Her letter to UN noted that "the British people who sign the petition
will be saying NO to Mr. Blair giving away, without their permission, their
right to be a self governing country. They will be saying that they do not want
to be a part of a United States of Europe with a constitution which will
override our own laws".
Mrs Yeoh handed her Petition in to 10 Downing Street on 11th
November of last year - Armistice Day. In a covering letter to Mr.
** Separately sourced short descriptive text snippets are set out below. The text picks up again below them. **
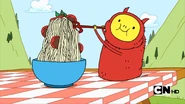 S1e5 keyper spaghetti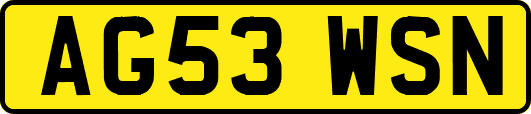 AG53WSN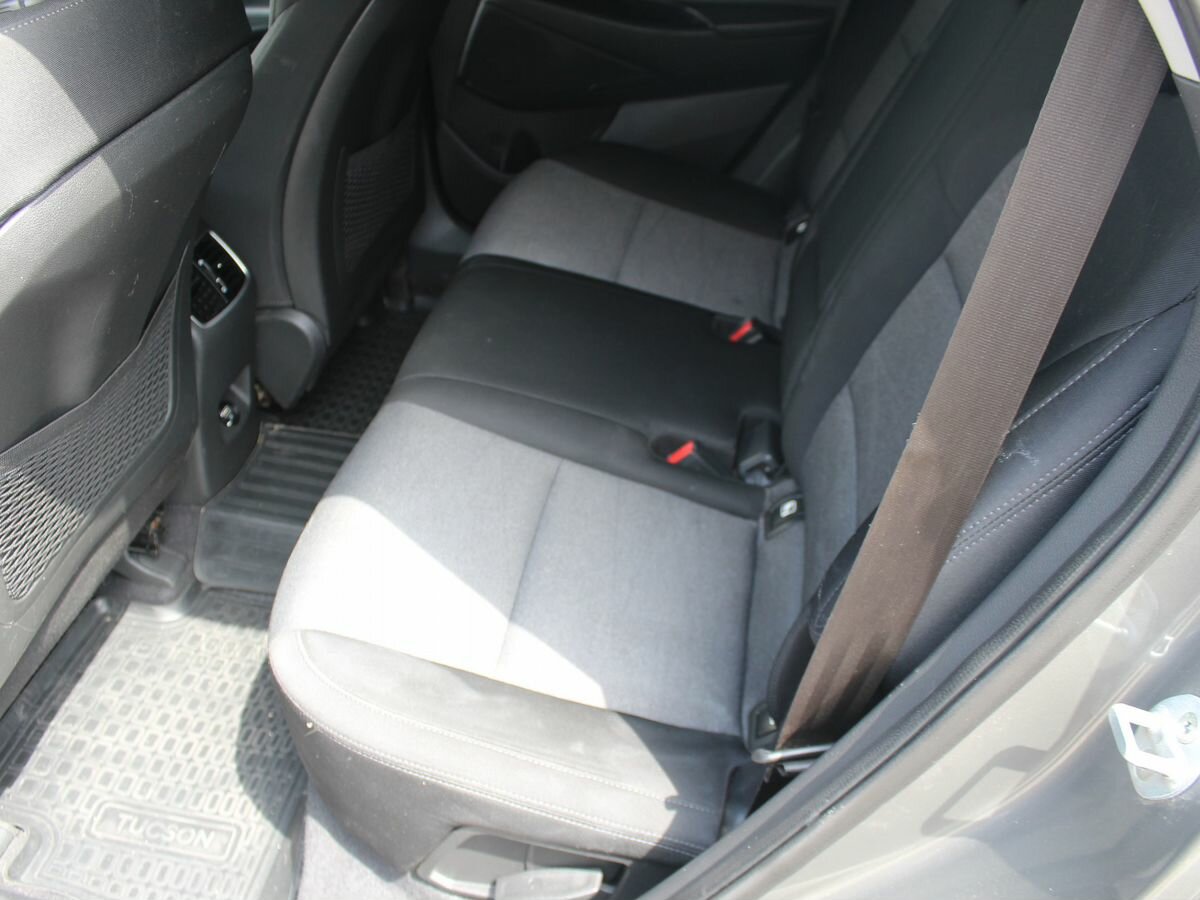 Hyundai Tucson, 2019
Blair, she
noted that the 75,277 people who had signed the Petition "do not want
you to sign the Treaty of Nice because we want to live in a country where our
justice and legal systems are not overridden by European Union Law, where our
taxes can be set to suit our economic conditions, not decided by the European
Central Bank for the whole of the European Union.
"We want our soldiers to protect us in our own country, not
made to fight wars in foreign lands, under a foreign power, in a European Army.
"We want to live in a country free from the fear of
Europol - The European Police Force, who can enter our country on the
instruction of the European Prosecutor, and will be immune from prosecution
themselves, whatever they do in the course of their duties. We do not want to
live, bound by a written constitution for a United States of Europe".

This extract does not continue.